Since we now have an existence proof that a very simple architecture, not specialized for language, can learn language, it seems the onus is now on Chompsky to put some meat on the bones of his claim (without evidence) that the general cortical architecture is incapable of this without a high degree of specialization.

> Sure, but for our cortex not to be able to learn language without becoming specialized for it, while a transformer can, implies that a transformer is a more powerful prediction engine than our cortex, which seems unlikely.

On the contrary, it's extremely likely that we can engineer something better than random evolution. And we have: calculators are better at adding and subtracting that humans are, bikes are faster than running, etc.

> If you look at the cortex as a whole, what seems most striking is how uniform it is - same basic architecture of six layers of neurons with a specific pattern of inter-layer connectivity. It seems nature has come up with a universal prediction architecture. Maybe Wernicke's areas is fine-tuned for language, but to characterize it as a specialized "language organ" seems a bit of a stretch. Let's note too that language is only a million years old, while the cortex itself is 100's of millions, yet has this mostly uniform architecture that evidentially works just as well for vision as hearing, etc, etc.

Language is ~100,000 years old, not a million. The brain is in fact not uniform: If you damage Broca's area you lose language capability. And to say that all cognitive function is the same general algorithm ignores the obvious fact that the brain performs different functions and doesn't answer the question of how and why this is so. There are lots of cognitive behaviour that is not understood, if you want to explain those behaviors you implicitly have to distinguish them from one another.

> So, sure, the ability of the ridiculously simple transformer architecture to learn language (and many other prediction tasks you throw at it), doesn't PROVE that the brain didn't have to evolve a highly specialized way to do it, but it certainly seems highly suggestive of it.
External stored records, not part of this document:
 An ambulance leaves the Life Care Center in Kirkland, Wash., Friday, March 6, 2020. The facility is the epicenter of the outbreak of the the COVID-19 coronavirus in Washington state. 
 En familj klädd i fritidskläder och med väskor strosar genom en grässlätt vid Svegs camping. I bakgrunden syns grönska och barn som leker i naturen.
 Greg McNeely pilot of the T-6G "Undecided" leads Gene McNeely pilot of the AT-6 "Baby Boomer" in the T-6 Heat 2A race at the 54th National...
It doesn't. Moro showed in a series of experiments that humans have difficulty learning non-hierarchical languages and use different parts of the brain to do so, which is highly suggestive that language is specialized.
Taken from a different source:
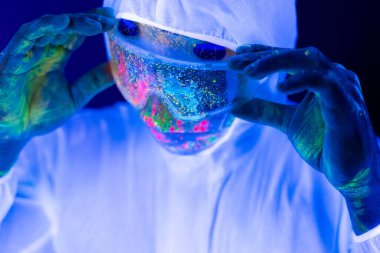 Korunaklı giysiler içinde, koronavirüs salgını sırasında ultraviyole ışıklı insan portresi. Salgın, Coronavirus covid-19 salgını.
> Since we now have an existence proof that a very simple architecture, not specialized for language, can learn language, it seems the onus is now on Chompsky to put some meat on the bones of his claim (without evidence) that the general cortical architecture is incapable of this without a high degree of specialization.
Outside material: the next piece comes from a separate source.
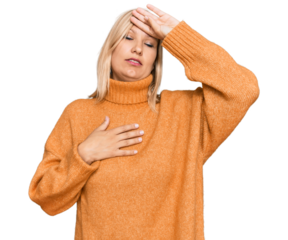 Middle age caucasian woman wearing casual winter sweater touching forehead for illness and fever, flu and cold, virus sick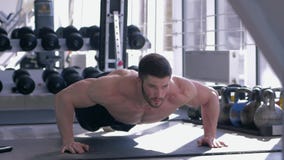 Bodybuilding den muskulösa idrottsman nen med den härliga sportkroppen gör liggande armhävningar under maktgenomkörare på sportmi lager videofilmer Bodybuilding den muskulösa idrottsman nen med den härliga sportkroppen gör liggande armhävningar under maktgenomkörare på sportmi lager videofilmer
He has provided evidence and arguments, some of which I have pointed to above. Maybe you should actually read or listen to him.

> Moro showed in a series of experiments that humans have difficulty learning non-hierarchical languages and use different parts of the brain to do so, which is highly suggestive that language is specialized.

The cortex is built for hierarchical processing, because that's what's needed to model the world we live in. Physical objects are localized and have hierarchical detail, and larger visual scenes are the same. The kind of sequential (temporal) patterns relevant to us are also hierarchical, whether in visual, auditory or other domains.

The type of connectionist architecture needed to recognize hierarchical patterns is a layered one where the receptive field and hierarchical level of abstraction grows as you ascend the layers. In our brain those layers come from different patches of our cortical sheet being connected. This is the reason that neural network architectures like CNNs and transformers also work to recognize hierarchical patterns in visual and temporal domains - because they both also uses these layered architectures, which is all that is needed.

The reason why the function of damaged brain areas can't always be taken over by other areas is largely due to plasticity. Our brain peaks in it's ability to form new synapses in the first few years of life. If you haven't learned language by age of 3, then you will never be able to learn more than a crude type of pidgin language, depsite all your "language areas" being intact. The same would be true of different part of you brain trying to learn language as an adult - the plasticity is no longer there.